Multi-agent deliberation

A single language model answering a question is a brittle system. The model proposes a draft, the draft contains errors, the user reads the errors and trusts them. There is no second look.

OCC treats answering as a deliberation among multiple agents, each with a specialized role and a specialized prompt. Every answer is the product of three sequential calls: an Expert drafts, a Critic reviews, a Synthesizer integrates. This page explains how each role works, why the division of labor was designed this way, and how the network's collective hardware can take over the most demanding role.

Why three agents

Each role has a distinct cognitive task with distinct failure modes.

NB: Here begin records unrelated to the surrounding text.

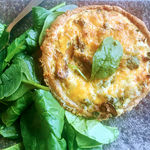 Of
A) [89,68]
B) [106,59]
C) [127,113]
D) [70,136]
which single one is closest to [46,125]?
[70,136]

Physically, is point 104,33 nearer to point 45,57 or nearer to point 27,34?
point 45,57

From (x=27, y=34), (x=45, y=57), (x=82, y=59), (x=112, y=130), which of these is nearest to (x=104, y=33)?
(x=82, y=59)

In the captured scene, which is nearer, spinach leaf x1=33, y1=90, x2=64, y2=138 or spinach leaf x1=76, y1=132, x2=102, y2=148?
spinach leaf x1=33, y1=90, x2=64, y2=138

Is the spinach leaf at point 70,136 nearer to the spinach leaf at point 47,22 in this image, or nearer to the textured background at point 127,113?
the textured background at point 127,113

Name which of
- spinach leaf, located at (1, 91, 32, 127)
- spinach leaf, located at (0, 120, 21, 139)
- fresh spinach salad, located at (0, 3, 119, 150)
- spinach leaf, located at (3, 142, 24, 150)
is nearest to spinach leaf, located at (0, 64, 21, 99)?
fresh spinach salad, located at (0, 3, 119, 150)

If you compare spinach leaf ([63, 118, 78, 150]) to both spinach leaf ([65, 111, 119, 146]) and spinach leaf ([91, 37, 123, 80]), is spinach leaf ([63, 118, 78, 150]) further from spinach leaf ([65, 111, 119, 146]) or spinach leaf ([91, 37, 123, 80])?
spinach leaf ([91, 37, 123, 80])

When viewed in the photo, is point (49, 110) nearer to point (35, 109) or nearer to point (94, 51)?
point (35, 109) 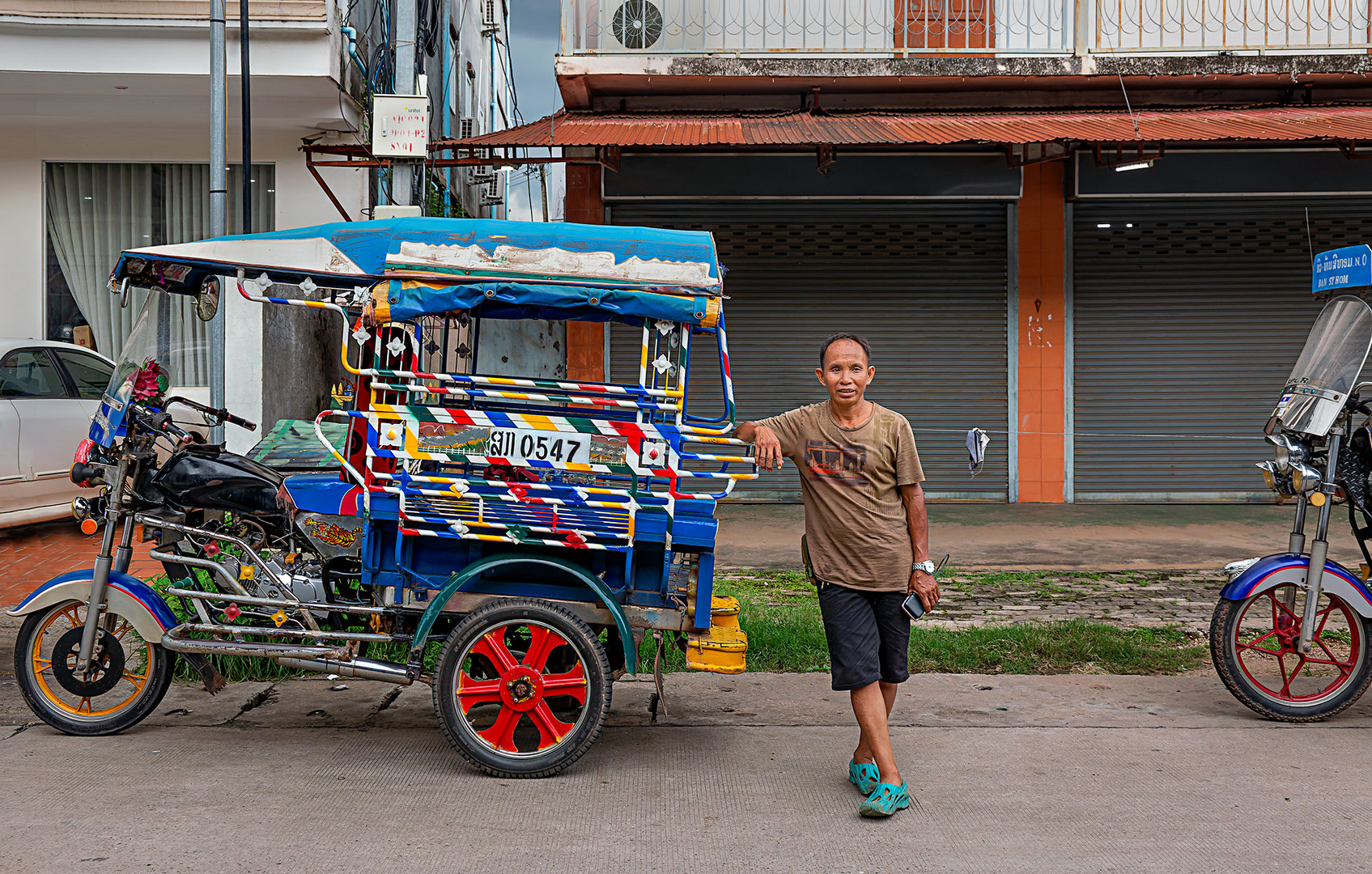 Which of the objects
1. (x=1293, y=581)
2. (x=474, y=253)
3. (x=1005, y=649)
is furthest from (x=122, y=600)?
(x=1293, y=581)

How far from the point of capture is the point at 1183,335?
11750mm

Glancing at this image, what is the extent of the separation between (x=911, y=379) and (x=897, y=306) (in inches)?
31.6

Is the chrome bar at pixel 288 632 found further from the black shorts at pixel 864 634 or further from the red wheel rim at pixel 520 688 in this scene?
the black shorts at pixel 864 634

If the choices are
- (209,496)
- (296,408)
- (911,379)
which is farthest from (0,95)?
(911,379)

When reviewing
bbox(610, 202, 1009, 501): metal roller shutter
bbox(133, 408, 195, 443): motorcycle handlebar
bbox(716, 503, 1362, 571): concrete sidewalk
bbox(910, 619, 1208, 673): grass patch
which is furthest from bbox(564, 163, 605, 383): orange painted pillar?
bbox(133, 408, 195, 443): motorcycle handlebar

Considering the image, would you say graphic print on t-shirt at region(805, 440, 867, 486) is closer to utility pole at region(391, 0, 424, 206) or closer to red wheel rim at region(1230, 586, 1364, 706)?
red wheel rim at region(1230, 586, 1364, 706)

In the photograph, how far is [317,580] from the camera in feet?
15.0

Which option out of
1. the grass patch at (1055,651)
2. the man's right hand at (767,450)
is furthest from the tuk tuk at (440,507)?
the grass patch at (1055,651)

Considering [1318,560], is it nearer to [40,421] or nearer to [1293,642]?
[1293,642]

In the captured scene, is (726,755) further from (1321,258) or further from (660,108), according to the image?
(660,108)

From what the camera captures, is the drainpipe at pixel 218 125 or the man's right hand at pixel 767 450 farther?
the drainpipe at pixel 218 125

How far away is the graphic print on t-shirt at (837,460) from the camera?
396cm

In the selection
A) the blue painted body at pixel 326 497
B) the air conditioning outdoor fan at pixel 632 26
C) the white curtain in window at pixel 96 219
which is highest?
the air conditioning outdoor fan at pixel 632 26

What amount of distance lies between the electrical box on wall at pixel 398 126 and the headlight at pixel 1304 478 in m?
6.67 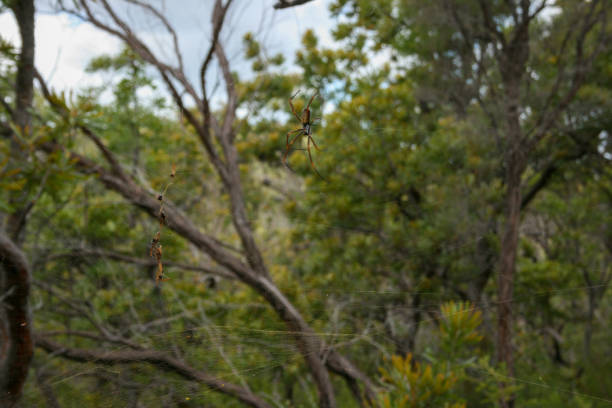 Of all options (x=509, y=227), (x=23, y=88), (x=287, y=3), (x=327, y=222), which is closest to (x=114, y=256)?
(x=23, y=88)

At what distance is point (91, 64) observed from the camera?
52.9 inches

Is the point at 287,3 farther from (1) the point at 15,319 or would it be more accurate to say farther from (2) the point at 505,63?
(2) the point at 505,63

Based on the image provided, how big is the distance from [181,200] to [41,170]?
66.5 inches

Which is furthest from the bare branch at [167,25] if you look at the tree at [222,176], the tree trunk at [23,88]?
the tree trunk at [23,88]

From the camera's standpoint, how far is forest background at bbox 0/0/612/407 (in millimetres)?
571

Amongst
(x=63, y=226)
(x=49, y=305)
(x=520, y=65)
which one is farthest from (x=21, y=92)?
(x=520, y=65)

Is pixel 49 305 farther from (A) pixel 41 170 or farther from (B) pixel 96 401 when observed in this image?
(B) pixel 96 401

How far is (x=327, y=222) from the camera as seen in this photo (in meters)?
1.09

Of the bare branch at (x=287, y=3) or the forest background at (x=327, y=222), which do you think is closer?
the forest background at (x=327, y=222)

Keeping them separate prevents one role's weakness from contaminating another's:

  • The Expert has the user's question and all the retrieved pages. It is best positioned to write a complete first draft. Its weakness: when a specific (a date, a citation, a name) is almost right, the Expert often fills the gap with a plausible-sounding fact from training data rather than admitting the source is silent.
  • The Critic has the same sources but a different job: not to write, but to verify. It examines the draft claim by claim. Its weakness as a writer becomes an asset as a reviewer — it does not get to propose alternatives, only to flag.
  • The Synthesizer sees the Expert's draft and the Critic's review and produces the final answer. To keep it honest, the Synth does not see the raw sources; if it did, it would just regenerate a plausible answer and risk overriding what the previous two roles found. Its job is integration, not reinvention.
division of labor

Three roles cover what a single call cannot: drafting and verification and integration, each with prompts and inputs tuned for that one task.

The Expert step

The Expert receives:

  • The user's question.
  • The retrieved knowledge context — typically four to twelve pages of pack content, capped at the tier's retrieval_chars budget.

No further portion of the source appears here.